再论“斗鸡台事变”
唐朝乾符年间(874-879),在云州城北斗鸡台(疑在奚望山上)发生一起兵变,时任沙陀三部落副兵马使的李克用谋害主帅大同都防御使段文楚(名臣段秀实之孙)等人,企图控制大同镇云、朔、蔚3州之地,这被认为是李克用发迹之始,此次割据行为被称为“斗鸡台事变”或段文楚事件。近几年对“斗鸡台事变”著文研究的主要有胡耀飞《斗鸡台事件再探讨——从<段文楚墓志>论唐末河东政局》、孙瑜《巨变前的骚动:风势论下的斗鸡台事件》、张明《李克用的发迹:“斗鸡台事变”史实新考——<支谟墓志>再解读》、高贤栋《正统之争:张昭远篡改段文楚事件发生时间的意图》等。
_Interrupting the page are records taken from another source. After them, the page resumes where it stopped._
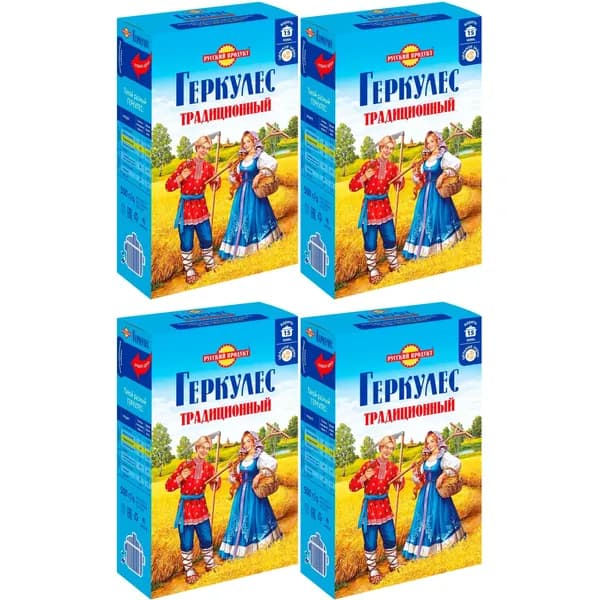 Хлопья Русский Продукт Геркулес традиционный овсяные 500 г, набор: 4 штуки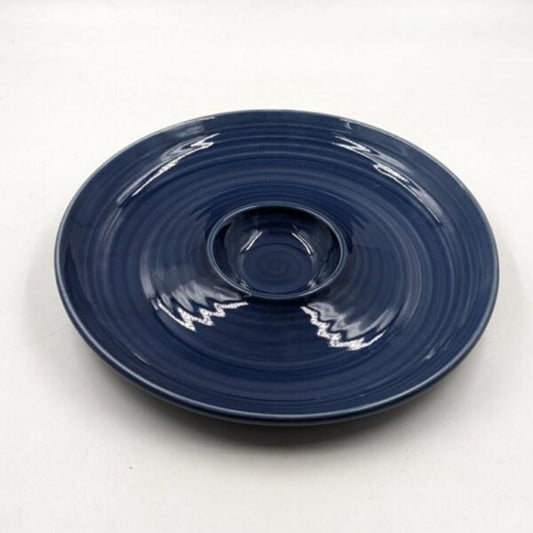 Platter with Center Dip Bowl - Round Deep Blue Glazed Chip & Dip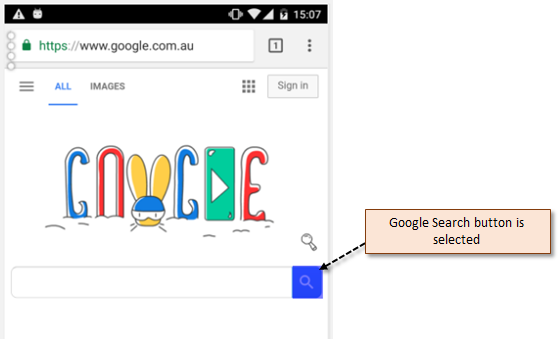Inspect mobile elements - Google Search button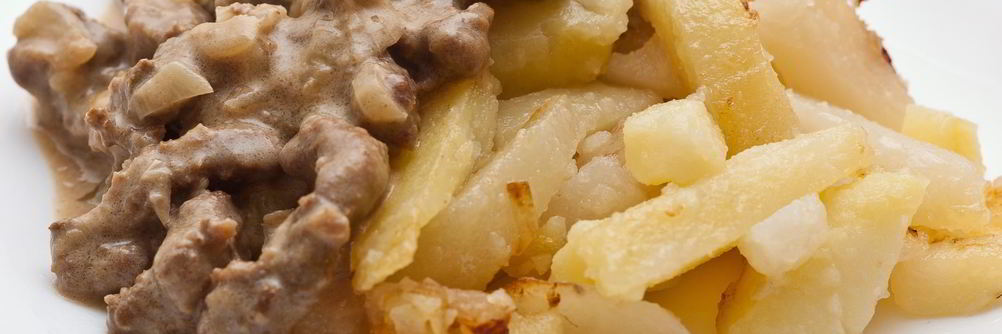 Печень говяжья по-строгановски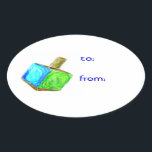 Hanukkah Dreidel Gift Tag Stickers<br><div class="desc">Diese drei Aufkleber sind der perfekte Weg, um allen zu sagen, dass dieses Geschenk von Ihnen ist! Set dein Geschenk in diesem Jahr auf der Hanukkah-Ausstellung auseinander.</div>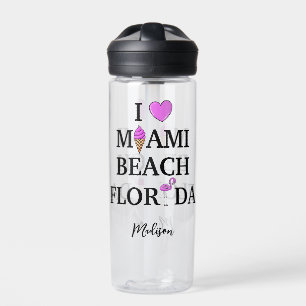 Botella De Agua Nombre personalizado lindo Miami Beach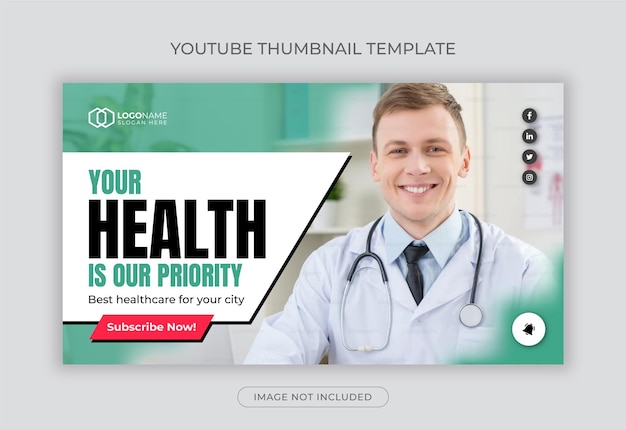 Medische gezondheidszorg youtube-videominiatuursjabloonontwerp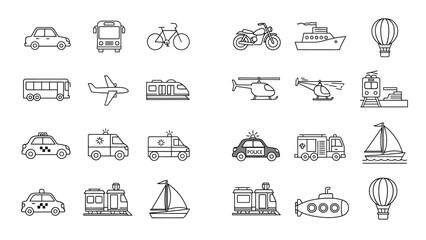 Collection of various transportation icons in a simple black and white style © msunny93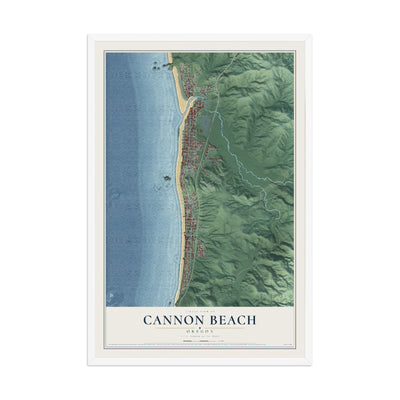 Map of Cannon Beach, Oregon, 12 x 18 inch print in a white wood frame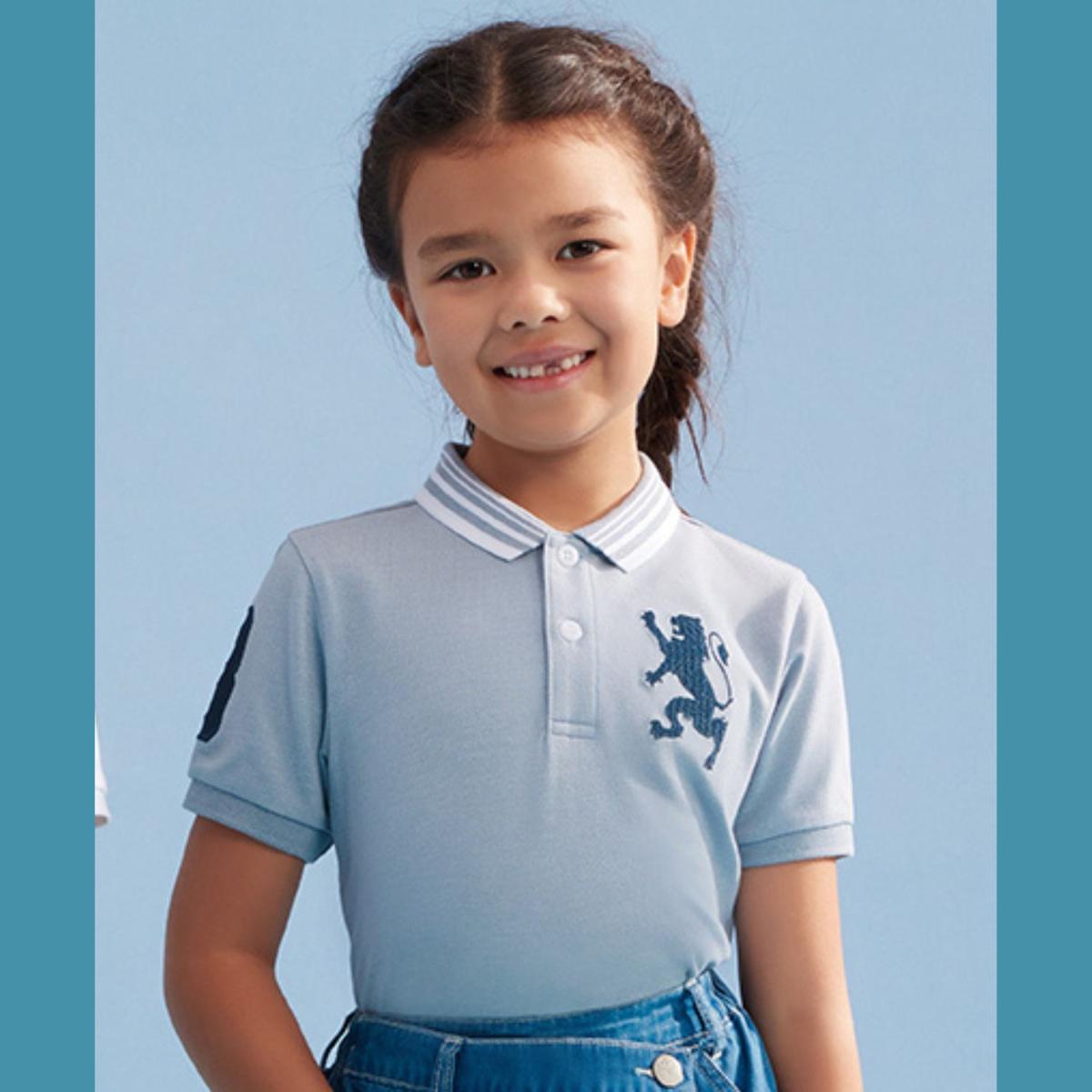 Kids' Lion Polo: 3D Embroidery, Comfort Piqué, Classic Style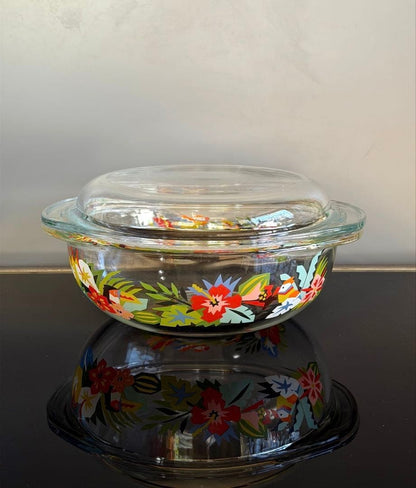 Retro Pop Glass Bowl Casserole with Lid Pyrex Floral Rare Vintage Collectible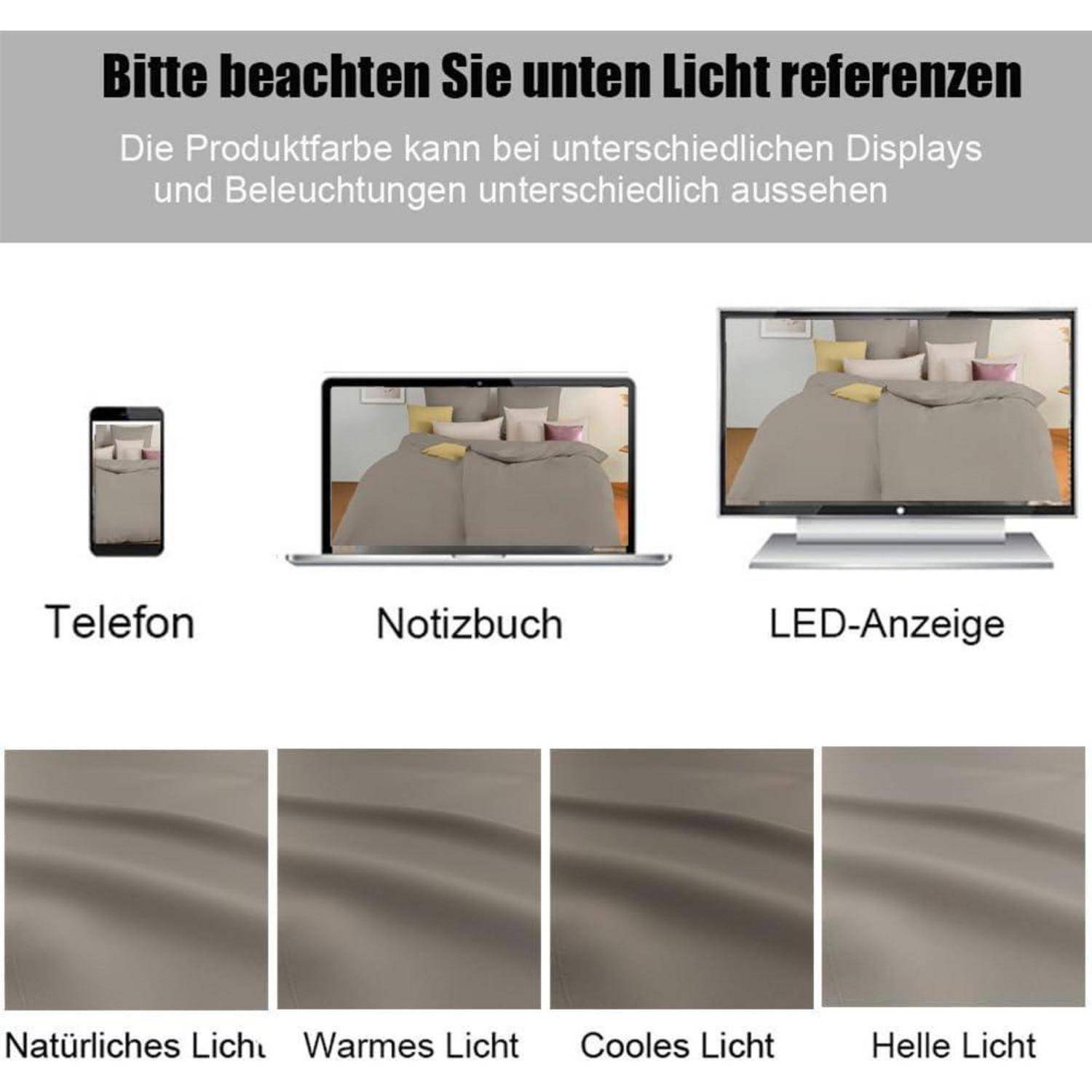 Kissenbezug Mikrofaser Reißverschluss 40 x 40 cm 2 Stück Taupe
但是对“斗鸡台事变”的谋主、缘由、影响等相关问题仍有继续讨论之必要,今笔者试结合史籍、墓志述之,如有不妥之处请方家教正。
一、“斗鸡台事变”的谋主
“斗鸡台事变”发生时间,史籍记载不一。近几年《段文楚墓志》的公布为这一问题划上句号,其记载段文楚被害时间为乾符五年(878)二月初七。但是,事变是如何发生的呢?
《资治通鉴》卷253“乾符五年正月”对“斗鸡台事变”记载较为具体:“会大同防御使段文楚兼水陆发运使,代北荐饥,漕运不继,文楚颇减军士衣米;又用法稍峻,军士怨怒。(李)尽忠遣(康)君立潜诣蔚州说克用起兵,除文楚而代之。克用曰:‘吾父在振武,俟我禀之。’君立曰:‘今机事已泄,缓则生变,何暇千里禀命乎!’于是尽忠夜帅(率)牙兵攻牙城,执文楚及判官柳汉璋系狱,自知军州事,遣召克用。克用帅(率)其众趣云州,行收兵,二月,庚午,至城下,众且万人,屯于斗鸡台下。壬申,尽忠遣使送符印,请克用为防御留后。癸酉,尽忠械文楚等五人送斗鸡台下,(李)克用令军士剐而食之,以骑践其骸。甲戊,克用入府舍视事。将士表求敕命,朝廷不许。”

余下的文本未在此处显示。